Chaos engineering
Chaos engineering is the discipline of experimenting on a system in order to build confidence in the system's capability to withstand turbulent conditions in production.[1]
Concept
In software development, a given software system's ability to tolerate failures while still ensuring adequate quality of service—often generalized as resilience—is typically specified as a requirement. However, development teams often fail to meet this requirement due to factors such as short deadlines or lack of knowledge of the field. Chaos engineering is a technique to meet the resilience requirement.
Chaos engineering can be used to achieve resilience against infrastructure failures, network failures, and application failures.
Operational readiness using chaos engineering
Calculating how much confidence we can have in the interconnected complex systems that are put into production environment requires operational readiness metrics. Operational readiness can be evaluated using chaos engineering simulations supported by Kubernetes infrastructure in big data. Solutions for operational readiness of a platform stands for strengthening the backup, restore, network file transfer, failover capabilities and overall security. Gautam Siwach et al, performed evaluation of inducing chaos to a Kubernetes environment which terminates random pods with data from edge devices in data centers while processing analytics on big data network and infer the recovery time of pods to calculate an estimated response time.[2][3]
History
1983 – Apple
While MacWrite and MacPaint were being developed for the first Apple Macintosh computer, Steve Capps created "Monkey", a desk accessory which randomly generated user interface events at high speed, simulating a monkey frantically banging the keyboard and moving and clicking the mouse. It was promptly put to use for debugging by generating errors for programmers to fix, because automated testing was not possible; the first Macintosh had too little free memory space for anything more sophisticated.[4]
2003 – Amazon
While working to improve website reliability at Amazon, Jesse Robbins created "GameDay", an initiative that increases reliability by purposefully creating major failures on a regular basis. Robbins has said GameDay was inspired by firefighter training and research in other fields lessons in complex systems, reliability engineering.[5]
2006 – Google
While at Google, Kripa Krishnan created a similar program to Amazon's GameDay called "DiRT".[5]
2011 – Netflix
While overseeing Netflix's migration to the cloud in 2011 Nora Jones, Casey Rosenthal, and Greg Orzell [6][7][8] expanded the discipline while working together at Netflix by setting up a tool that would cause breakdowns in their production environment, the environment used by Netflix customers. The intent was to move from a development model that assumed no breakdowns to a model where breakdowns were considered to be inevitable, driving developers to consider built-in resilience to be an obligation rather than an option:
"At Netflix, our culture of freedom and responsibility led us not to force engineers to design their code in a specific way. Instead, we discovered that we could align our teams around the notion of infrastructure resilience by isolating the problems created by server neutralization and pushing them to the extreme. We have created Chaos Monkey, a program that randomly chooses a server and disables it during its usual hours of activity. Some will find that crazy, but we could not depend on the random occurrence of an event to test our behavior in the face of the very consequences of this event. Knowing that this would happen frequently has created a strong alignment among engineers to build redundancy and process automation to survive such incidents, without impacting the millions of Netflix users. Chaos Monkey is one of our most effective tools to improve the quality of our services."[9]

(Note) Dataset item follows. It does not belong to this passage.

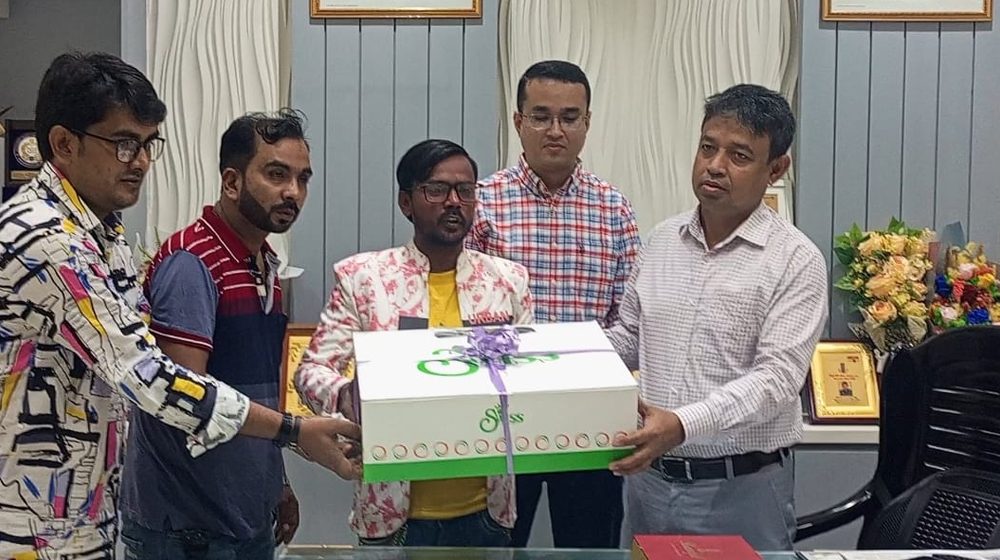 জন্মদিনে ডিবি প্রধানের থেকে ‘কেক’ উপহার পেলেন হিরো আলম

By regularly "killing" random instances of a software service, it was possible to test a redundant architecture to verify that a server failure did not noticeably impact customers.
The concept of chaos engineering is close to the one of Phoenix Servers, first introduced by Martin Fowler in 2012.[10]
Chaos engineering tools
Chaos Monkey
Chaos Monkey is a tool invented in 2011 by Netflix to test the resilience of its IT infrastructure.[7] It works by intentionally disabling computers in Netflix's production network to test how remaining systems respond to the outage. Chaos Monkey is now part of a larger suite of tools called the Simian Army designed to simulate and test responses to various system failures and edge cases.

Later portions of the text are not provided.